The file system in question is relatively full -- 800GB with 25GB free 
and 70M inodes used (the file system is used with a proprietary 
DMAPI-based HSM application, so most of the file data is punched out).

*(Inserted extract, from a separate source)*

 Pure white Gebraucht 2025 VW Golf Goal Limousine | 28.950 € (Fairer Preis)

With the file system in this state, the forced shutdown error is 
reproducible when attempting to create a file in a particular directory 
-- an ENOSPC error is returned to userspace, and the file system shuts down.

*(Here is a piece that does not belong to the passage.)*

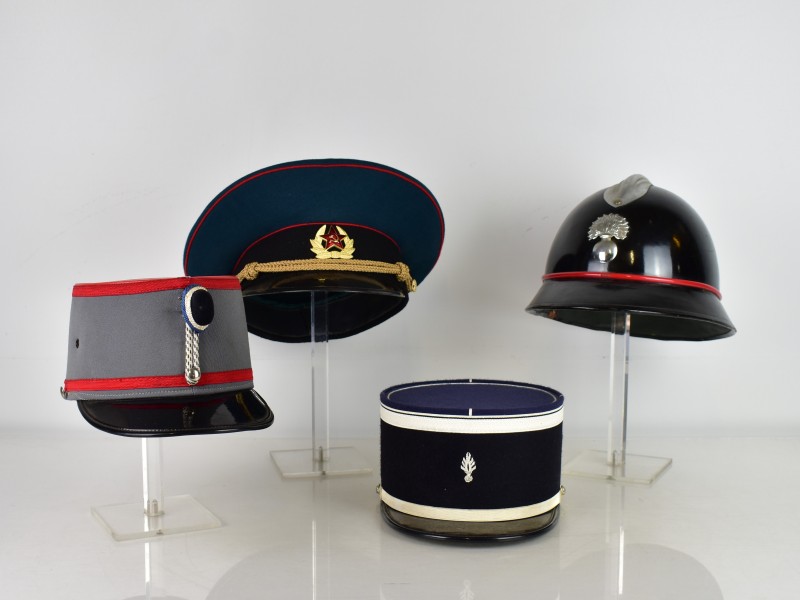 Collectie militaire hoofddeksels (4 stuks) – Sovjet Unie, Frankrijk, België – 20e eeuw.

The forced shutdown is also reproducible with this file system mounted 
on a more recent kernel version -- here is a stack trace from the same 
file system mounted on a 2.6.26 kernel built from oss.sgi.com cvs on Sep 
19 2008:

Sep 21 06:35:41 gn1 kernel: Filesystem "loop0": XFS internal error 
xfs_trans_cancel at line 1164 of file fs/xfs/xfs_trans.c.  Caller 0xf93c8195
Sep 21 06:35:41 gn1 kernel:  [<f93c2fc0>] xfs_trans_cancel+0x4d/0xd3 [xfs]
Sep 21 06:35:41 gn1 kernel:  [<f93c8195>] xfs_create+0x49b/0x4db [xfs]
Sep 21 06:35:41 gn1 kernel:  [<f93c8195>] xfs_create+0x49b/0x4db [xfs]
Sep 21 06:35:41 gn1 kernel:  [<f93d166b>] xfs_vn_mknod+0x128/0x1e3 [xfs]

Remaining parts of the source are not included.